Si chiama Fid, Fare Impresa in Dozza. Ed è nata dalla società creata da tre giganti della packaging valley bolognese, Marchesini Group, GD spa, Ima. Insieme generano un fatturato complessivo che sfiora gli 1,5 miliardi di euro e contano quasi 7mila dipendenti. Hanno coinvolto nell'operazione la Fondazione Aldini Valeriani, vale a dire la scuola che nel capoluogo emiliano sforna i tecnici di cui sono affamate le aziende. Una esperienza pilota in Italia, per ora la prima e unica.
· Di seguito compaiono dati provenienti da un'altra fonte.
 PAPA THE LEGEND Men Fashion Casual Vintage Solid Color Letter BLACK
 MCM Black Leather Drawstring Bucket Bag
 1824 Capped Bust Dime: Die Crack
Con una ragione sociale che basta da sola a spiegarne la mission: «Esecuzione di lavori di carpenteria, assemblaggio e montaggio di componenti meccanici da eseguirsi all'interno della Casa circondariale di Bologna, con il fine di fornire ai detenuti una opportunità di lavoro stabile e duraturo, recuperabile nella vita successiva al compimento del periodo detentivo».
A presiedere l'impresa è stato chiamato Giorgio Italo Minguzzi, docente di diritto commerciale all'Alma Mater, avvocato, colui che ha avuto l'idea e poi ha trovato gli alleati nei vertici dei tre colossi bolognesi della meccanica e nella Fondazione Valeriani.
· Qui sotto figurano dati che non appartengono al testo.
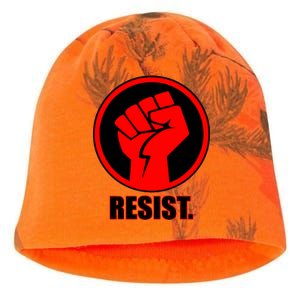 Resist Fist Circle Crest Resistance Anti Trump Kati - Camo Knit Beanie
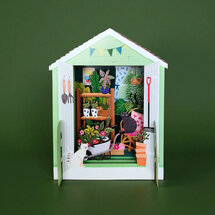 MN089 Miniature pop-up kaart - tuinschuur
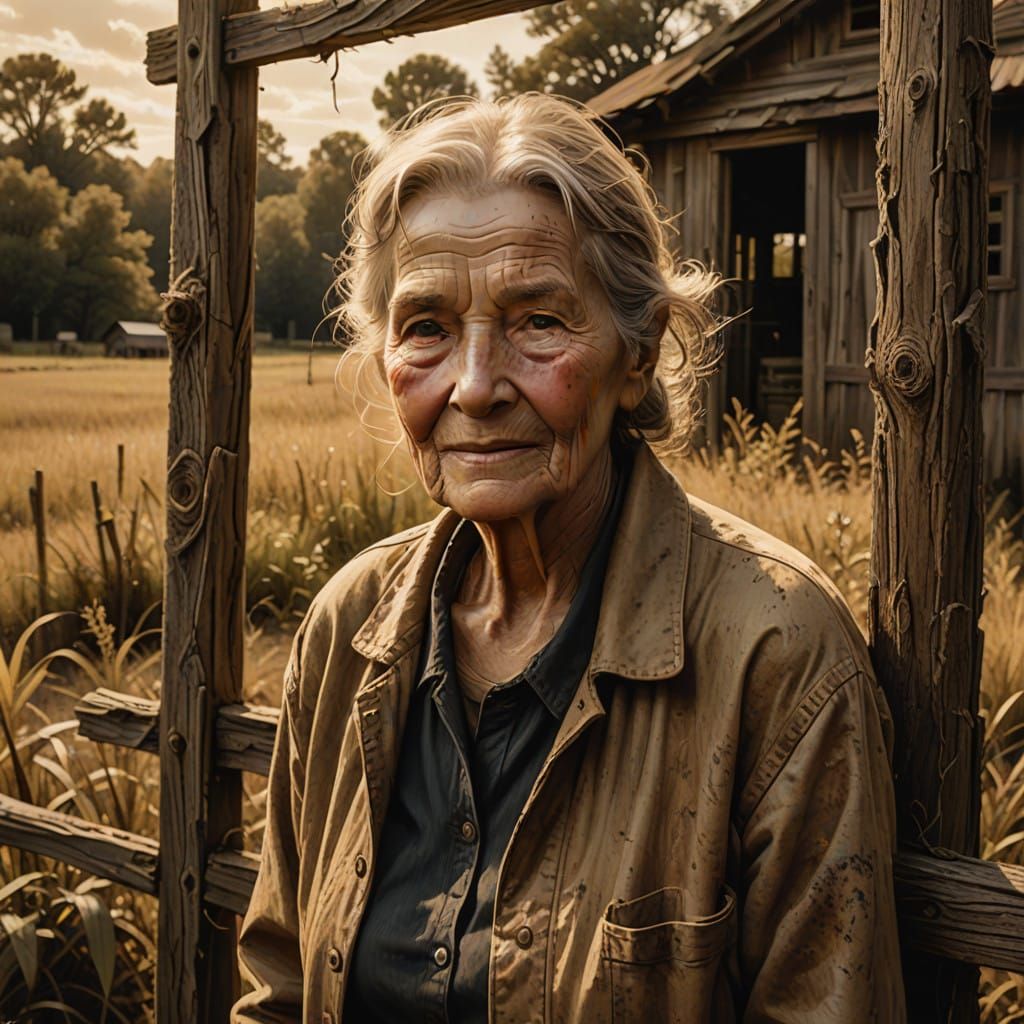 Elderly Woman in Golden Light, Sepia-Toned Farm Landscape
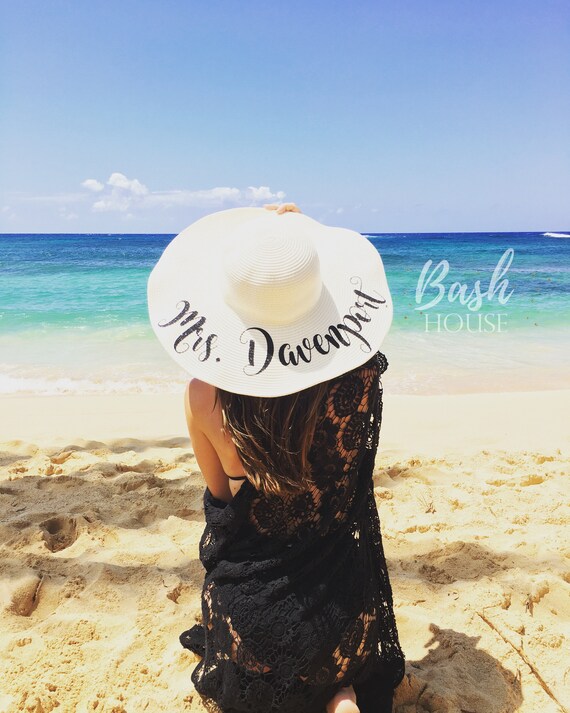 Honeymoon Beach Hat - Floppy Hat - Mrs. Beach Hat - Personalized Floppy Hat - Personalized Bride Gift - Bridesmaid Gift - Bridal Party Hat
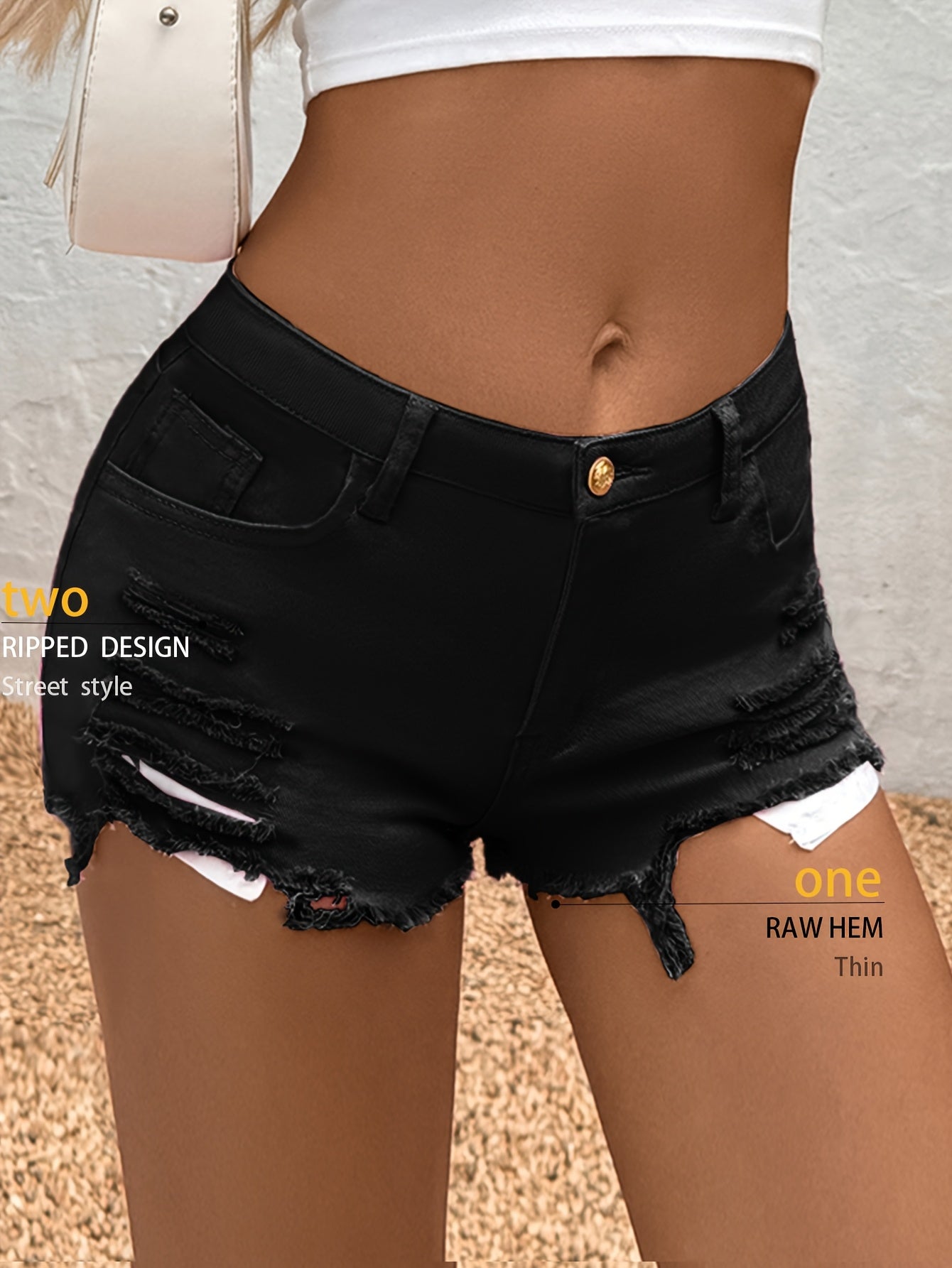 Regular Hole Stretch Denim, Casual Shorts, Y2K Cute Short Jeans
Non è stato semplice creare un'azienda nel carcere, conciliare la produzione con la sorveglianza. Ce l'hanno fatta dopo aver selezionato, seguendo solo il criterio delle attitudini, una decina di detenuti, che sono stati poi convogliati verso un corso di formazione, e affidati successivamente a una decina di tutor, ex dipendenti in pensione delle tre aziende del packaging che si alternano volontariamente, per rendersi utili. Contratto nazionale dei metalmeccanici a tempo indeterminato per tutti.
Altri 15 detenuti, a loro volta, sono in attesa di imboccare il percorso di formazione necessario. «Quando usciranno dal carcere – spiegano dal quartier generale di Marchesini Group – avranno competenze spendibili sul territorio. Per questo non abbiamo assunto ergastolani, vogliamo insegnare loro un mestiere per quando avranno scontato la pena». Un biglietto da visita per tutti, quando si apriranno le porte del carcere, anche per gli stranieri in regola con il permesso di soggiorno.
La direzione del penitenziario ha messo a disposizione la palestra dove sono stati installati i macchinari necessari alla lavorazione a all'assemblaggio del materiale. E ora il consiglio di amministrazione di Fid già pensa anche a una mensa interna per gli operai.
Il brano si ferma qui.